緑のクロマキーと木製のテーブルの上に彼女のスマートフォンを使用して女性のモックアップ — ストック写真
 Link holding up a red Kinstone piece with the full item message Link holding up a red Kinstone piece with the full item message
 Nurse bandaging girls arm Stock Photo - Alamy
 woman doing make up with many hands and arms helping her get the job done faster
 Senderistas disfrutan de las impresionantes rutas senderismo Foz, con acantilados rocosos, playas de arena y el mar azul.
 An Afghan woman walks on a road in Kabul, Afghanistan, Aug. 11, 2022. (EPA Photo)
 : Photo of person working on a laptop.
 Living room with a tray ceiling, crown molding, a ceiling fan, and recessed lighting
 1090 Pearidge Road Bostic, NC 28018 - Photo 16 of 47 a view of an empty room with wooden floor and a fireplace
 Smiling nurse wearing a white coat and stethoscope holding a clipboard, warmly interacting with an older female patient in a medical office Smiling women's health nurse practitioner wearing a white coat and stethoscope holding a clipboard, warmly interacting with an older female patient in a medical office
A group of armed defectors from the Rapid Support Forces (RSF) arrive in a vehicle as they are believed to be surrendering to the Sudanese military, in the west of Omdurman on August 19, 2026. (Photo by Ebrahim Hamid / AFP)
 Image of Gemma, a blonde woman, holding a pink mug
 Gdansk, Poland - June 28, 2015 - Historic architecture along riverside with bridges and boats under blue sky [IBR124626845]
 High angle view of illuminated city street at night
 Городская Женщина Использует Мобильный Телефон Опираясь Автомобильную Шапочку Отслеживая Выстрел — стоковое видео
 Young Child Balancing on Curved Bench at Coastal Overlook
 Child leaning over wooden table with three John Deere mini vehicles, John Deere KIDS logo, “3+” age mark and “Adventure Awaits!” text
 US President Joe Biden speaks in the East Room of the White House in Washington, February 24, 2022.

### What is needed
Single out each line of the records above with the string "wooden" in it, and copy it.

### Final answer
 1090 Pearidge Road Bostic, NC 28018 - Photo 16 of 47 a view of an empty room with wooden floor and a fireplace
 Child leaning over wooden table with three John Deere mini vehicles, John Deere KIDS logo, “3+” age mark and “Adventure Awaits!” text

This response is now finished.